Your latest short story collection, Admit This To No One centers around politics in Washington, DC, specifically an unnamed fictional male Speaker of the House. So tell me: Is your father the Speaker of the House? If not, what else inspired this collection?
I think I would have had better seats at the Kennedy Center if he were, so no, my father was not a Speaker of the House, nor was my mother. But I did live in Washington, DC for twenty-five years. I had never realized how much I learned about Washington just by living there, reading the Washington Post every day, listening to C-SPAN at night when I couldn’t sleep, things like that. I couldn’t believe how much I knew about the city just by absorbing unspoken things about Washington.
In my early years, I worked for a political grassroots organization. I worked in the periphery, observing. If you’re a writer, you are used to observing and noticing and asking questions and letting people talk. You can learn a lot. Though that was in the 90s, I don’t think people’s personalities have changed all that much. And I think the nature of power hasn’t changed all that much—maybe its manifestations, but not the core.
I also met a lot of people by going to receptions and events. People in Washington love to talk about themselves, and love when somebody asks them questions and treats them as if they’re important. And I have a friend—who wishes to remain anonymous—who worked for the Speaker of the House (I’ll not specify which one). This friend gave me a tour of the office. I followed them for an afternoon, and it’s surprising what you can see as you stand there, quietly watching people. During that afternoon, I was allowed access to the Speaker’s balcony, which overlooks the Mall and has a view of the White House. It was intoxicating. I could see why that feeling of power was something someone would dream of. I, who felt immune to such things, was like, “Maybe I should get into politics?”
Did you tell people you were doing research when you were asking them questions?
No. People would never tell you anything if you told them what you were doing. I may have had a couple of questions for my friend who worked for the Speaker, but I was not trying to write a journal of this Speaker’s daily life—more to examine the personality of the kind of person who would end up in that position, someone who might actually wish they were in a different, better position. I could never get over this idea that the Speaker of the House is the third most powerful person in the government, and that that might not be enough for somebody like that. That they might want more, might feel cheated out of not being president.

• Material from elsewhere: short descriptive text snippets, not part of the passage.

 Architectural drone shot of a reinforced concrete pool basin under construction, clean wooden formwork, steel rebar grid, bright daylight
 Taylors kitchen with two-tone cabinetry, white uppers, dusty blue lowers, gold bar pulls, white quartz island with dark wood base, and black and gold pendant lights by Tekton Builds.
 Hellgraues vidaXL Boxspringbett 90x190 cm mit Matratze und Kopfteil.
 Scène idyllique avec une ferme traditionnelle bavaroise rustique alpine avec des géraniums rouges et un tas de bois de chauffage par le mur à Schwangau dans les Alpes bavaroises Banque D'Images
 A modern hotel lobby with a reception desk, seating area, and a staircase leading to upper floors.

Otherwise, in terms of research, when there’s a topic that you’re writing about, and if you read a lot of newspapers or magazines as I do, or go to online Google searches, it’s amazing what the universe sends to you. Washingtonian magazine in DC would often have an article that was, say, day-in-the-life of an intern. So I would pick up some tiny detail about how women on the House floor had to wear closed toe shoes, for example. Details like that from various sources were helpful. I don’t know how I would have ever thought to think to ask those questions. That’s why one of the best things about being a writer is learning to be observant and to care about details.
Did you ever go to Capitol Hill on your own to people watch?
My dentist’s office is on Capitol Hill. I would take the Metro from Virginia and sit on the benches outside the Cannon House Building and watch people who worked on the Hill as they rushed to lunch and meetings and such. I’d watch how they walk, how they wear their badges, and I’d try and figure out the dynamics of little groups of people.
Do you remember anything specific that didn’t make it into the book?
I was always fascinated by people’s lapel pins, like who gets what pin, why you wear certain pins. But I didn’t want to get that wrong. I don’t know the etiquette of pins.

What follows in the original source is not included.